3

I had a friend say:

For me the most interesting thing about Haskell is not the language and the types. It is the Spineless Tagless Graph Machine behind it.

Because Haskell people talk about types all the time, this quote really caught my attention. Now we can look at the Haskell compilation process like this:

  1. Parsing
  2. Type checking
  3. Desugaring + a few bobs and bits
  4. Translation to core
  5. Lion share of optimization
  6. Translation to STG language
  7. STG language to C–
  8. C– to assembly or llvm

Which we can simplify down to:

  1. .. front end stuff ..
  2. Translate IL to STG language
  3. Compile STG language to C/ASM/LLVM/Javascript

Ie - there is an intermediate 'graph language' that Haskell is compiled to, and various optimisations happen there, prior to it being compiled to LLVM/C etc.

This contrasts to a potential JVM Language compilation process that looks like this:

  1. Convert JVM Language Code to Java bytecode inside a class.
  2. Run the Bytecode on a Java Virtual Machine.

Assuming it were possible to add an intermediate STG Compilation step to the Java Compilation process, I'm wondering what impact would this change have?

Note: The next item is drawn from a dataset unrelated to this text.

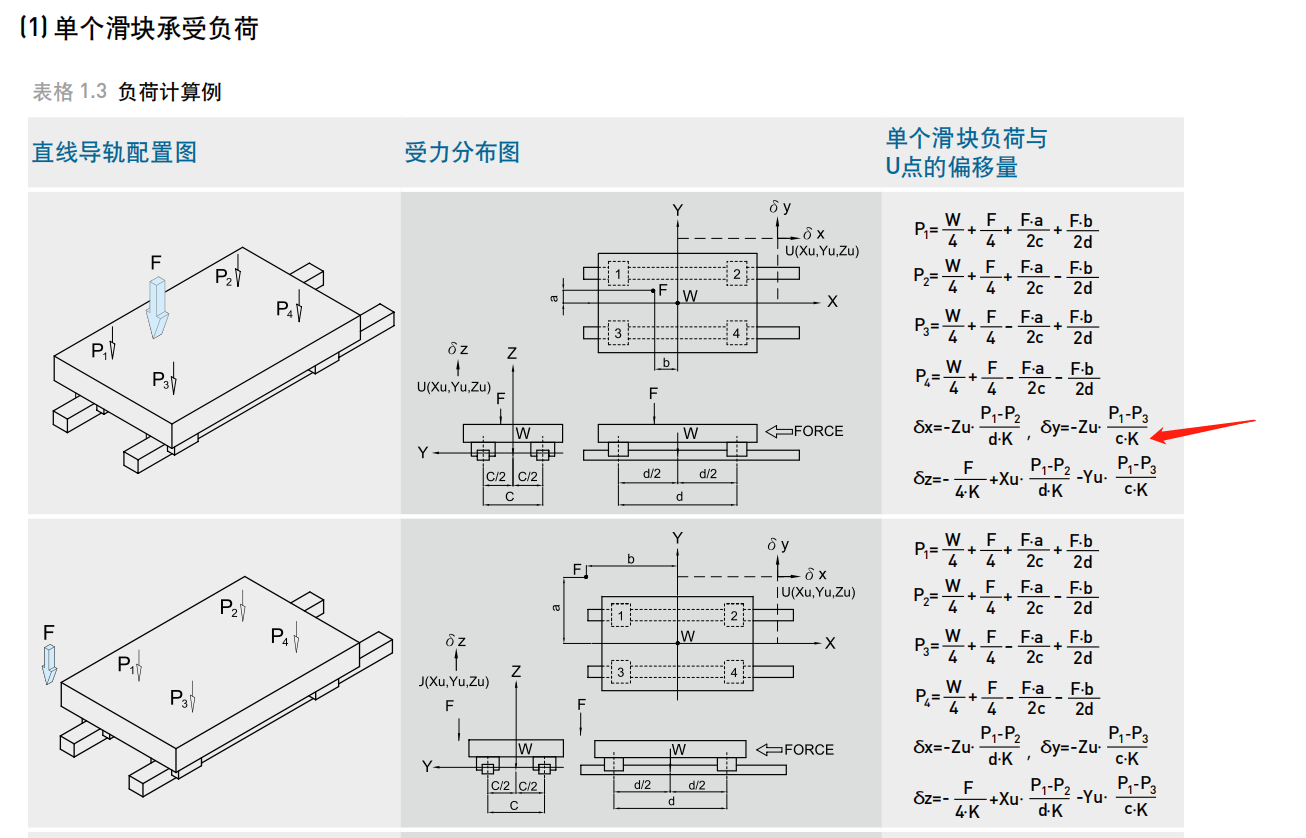 滑块受力.png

What would change about the compiled code?

(I'm aware that you need a pure functional language to get the most use out of the spineless tagless graph machine, so if it is helpful to answer the question, assume we're compiling Frege [Haskell for the JVM].)

My question is: What would change if the JVM Language Compilation process had an STG phase like Haskell?

Marimuthu Madasamy
  • 13,126
  • 4
  • 30
  • 52
hawkeye
  • 34,745
  • 30
  • 150
  • 304
  • 2
    Your version of the 'Java compilation process' bears no relationship with reality. It isn't on the same level as your version of the Haskell compilation process, whether accurate or not. Compilation via any process involves screening, scanning, parsing, semantic analysis, allocation, flow analysis, optimization, code generation, ... and maybe a lot of other things as well. And execution isn't part of compilation. – user207421 Jan 01 '16 at 09:36
  • 1
    Note that `javac` (and afaik all other java compilers) do very few optimizations when going from Java code to bytecode. All optimizations are deferred to the JIT compiler which takes bytecode to machine code. So your question would perhaps be better phrased if you referred to the JIT compilation process. – aioobe Jan 01 '16 at 09:39
  • That's helpful feedback. I've updated the question to remove the issues you've talked about. – hawkeye Jan 01 '16 at 09:53
  • 3
    As far as I understand, running the STG machine efficiently requires some low-level tricks, which the JVM does not allow. For instance, every closure needs two pointers: one for an information table, and another one for the actual entry code. GHC optimizes this by placing the read-only info table right before the entry point, so that only one pointer is needed per closure. – chi Jan 01 '16 at 10:36
  • There is no such thing as **THE** JVM language compilation process. – Ingo Jan 03 '16 at 22:00

1 Answers1

1

You need to clarify if you mean Java the language or some language running on the JVM.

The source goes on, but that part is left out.